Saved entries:
════════════════

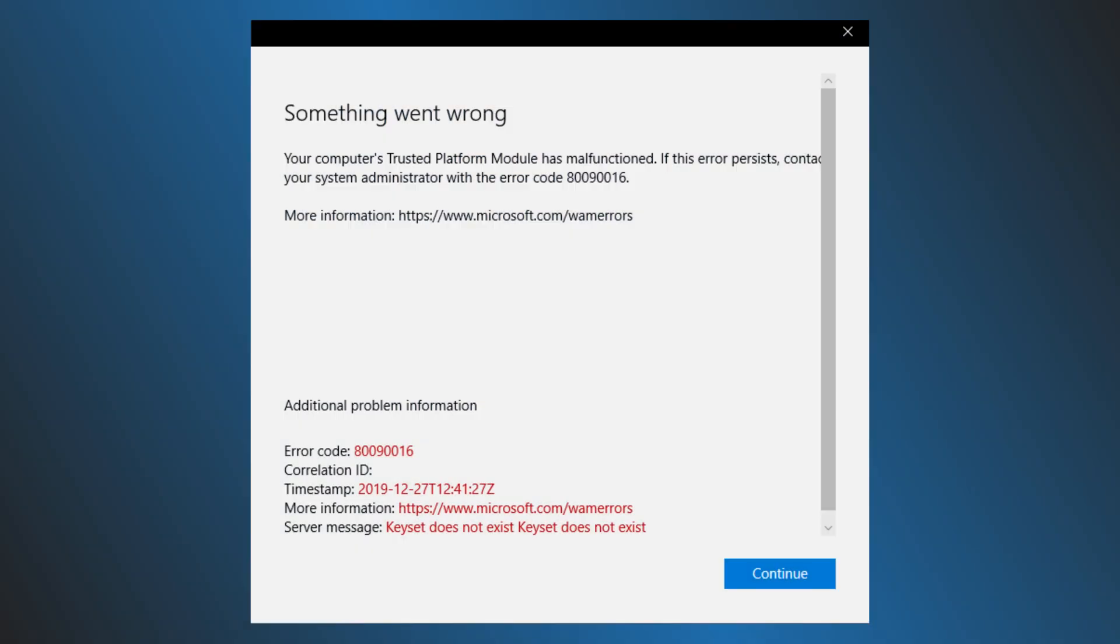Getting the Outlook Exchange Error 80090016? Here are five ways you can fix it.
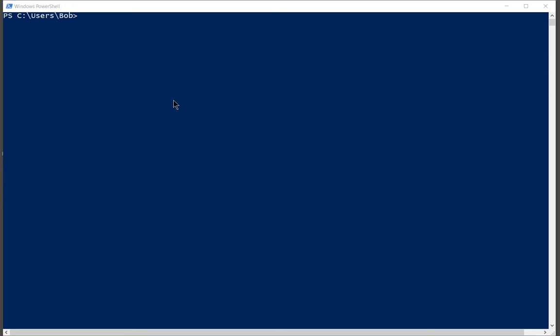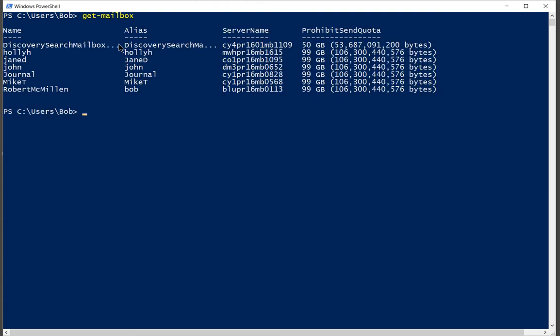Now they're going to have limited abilities but still you may or may not want them to have access into it. So what we're going to do is we're going to type in get-mailbox just to see a list of users. All right, so there's all of our users in our organization.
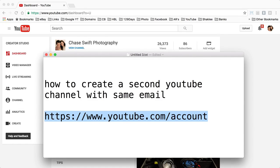Well hello, this is Chase Swift and in this video you may have just searched for how to create a second YouTube channel with the same email.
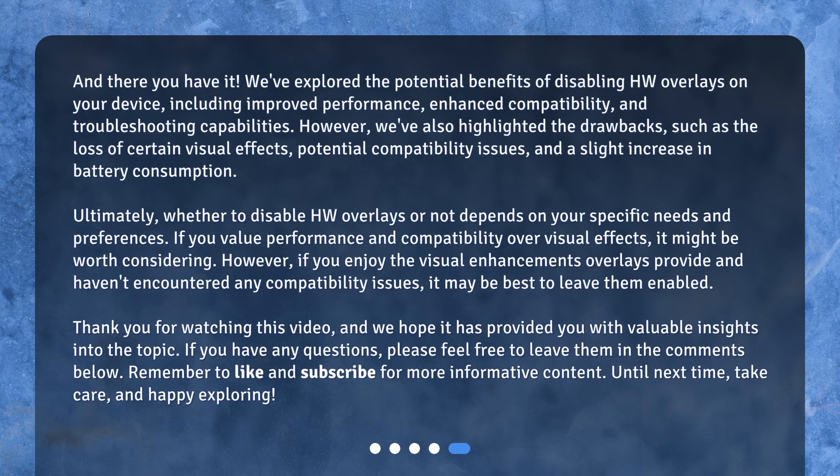We've explored the potential benefits of disabling HW overlays on your device, including improved performance, enhanced compatibility, and troubleshooting capabilities. However, we've also highlighted the drawbacks, such as the loss of certain visual effects, potential compatibility issues, and a slight increase in battery consumption. Ultimately, whether to disable HW overlays or not depends on your specific needs and preferences. If you value performance and compatibility over visual effects, it might be worth considering.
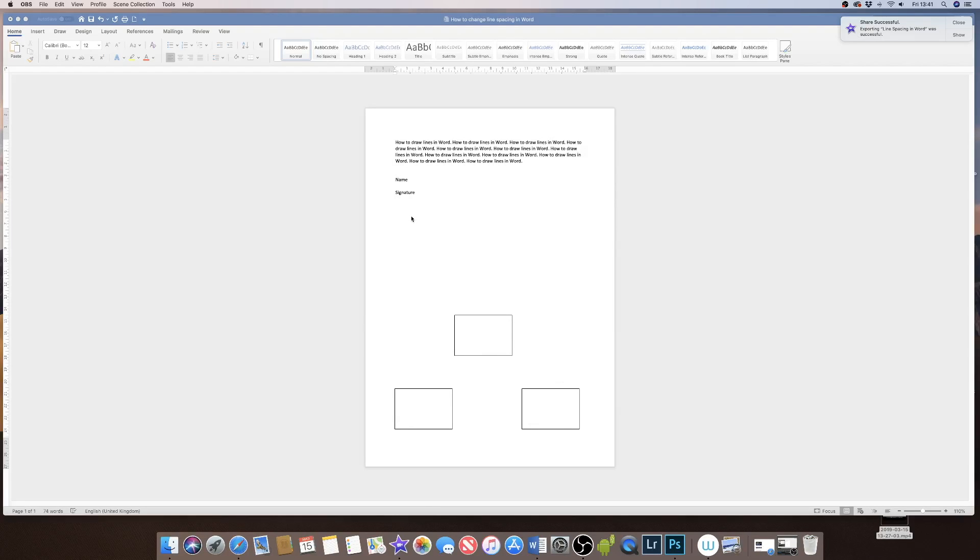Hi, so today I'm going to show you how to draw lines in Word and there are several different lines you can draw and how you can draw them.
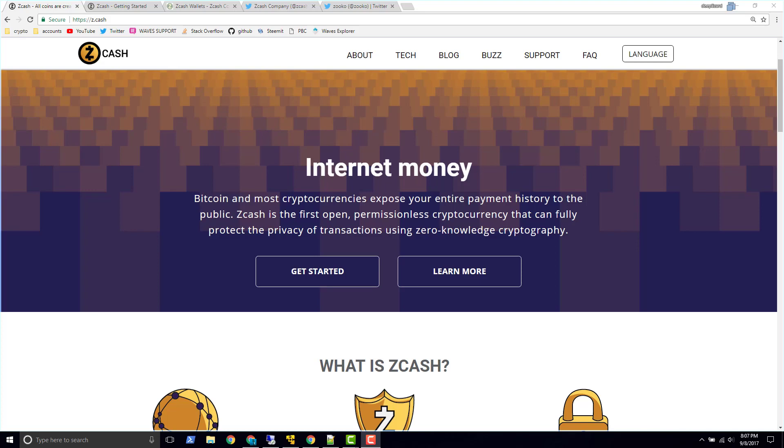In this video we're going to introduce Zcash. Zcash is a cryptocurrency that is similar to Bitcoin except Zcash focuses on privacy. Now the first question that might come to mind is, well doesn't Bitcoin focus on privacy? Isn't it private? And the answer to that is not necessarily.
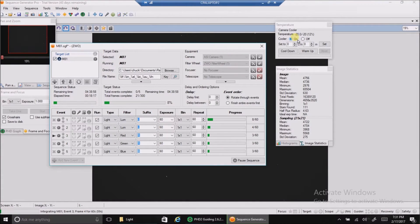Hello folks. I have graduated from Nebulosity to Sequence Generator Pro and so far I really like it.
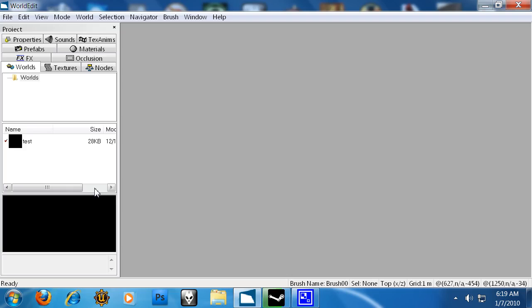Monolith Productions, the people who made Fear and Fear 2, their World Editor is free. You can get it with Fear Combat, which is also a free game to download. The SDK is where you get this editor from.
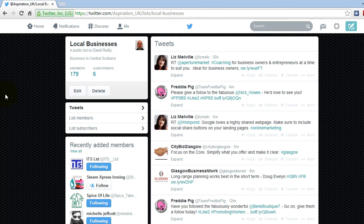Twitter used to be notoriously buggy, but not as bad anymore — though you'll still get the odd bug from time to time. This is a feed I've created about local businesses in Scotland. I've got six subscribers. I have 179 people in it, and I tend to follow people in the local central Scotland area. It's the way I can digest what's going on locally.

════════════════

WORK REQUEST: Without carrying over any pictures, retype the records above exactly.

REPLY TO THE EXERCISE:
Getting the Outlook Exchange Error 80090016? Here are five ways you can fix it.
Now they're going to have limited abilities but still you may or may not want them to have access into it. So what we're going to do is we're going to type in get-mailbox just to see a list of users. All right, so there's all of our users in our organization.
Well hello, this is Chase Swift and in this video you may have just searched for how to create a second YouTube channel with the same email.
We've explored the potential benefits of disabling HW overlays on your device, including improved performance, enhanced compatibility, and troubleshooting capabilities. However, we've also highlighted the drawbacks, such as the loss of certain visual effects, potential compatibility issues, and a slight increase in battery consumption. Ultimately, whether to disable HW overlays or not depends on your specific needs and preferences. If you value performance and compatibility over visual effects, it might be worth considering.
Hi, so today I'm going to show you how to draw lines in Word and there are several different lines you can draw and how you can draw them.
In this video we're going to introduce Zcash. Zcash is a cryptocurrency that is similar to Bitcoin except Zcash focuses on privacy. Now the first question that might come to mind is, well doesn't Bitcoin focus on privacy? Isn't it private? And the answer to that is not necessarily.
Hello folks. I have graduated from Nebulosity to Sequence Generator Pro and so far I really like it.
Monolith Productions, the people who made Fear and Fear 2, their World Editor is free. You can get it with Fear Combat, which is also a free game to download. The SDK is where you get this editor from.
Twitter used to be notoriously buggy, but not as bad anymore — though you'll still get the odd bug from time to time. This is a feed I've created about local businesses in Scotland. I've got six subscribers. I have 179 people in it, and I tend to follow people in the local central Scotland area. It's the way I can digest what's going on locally.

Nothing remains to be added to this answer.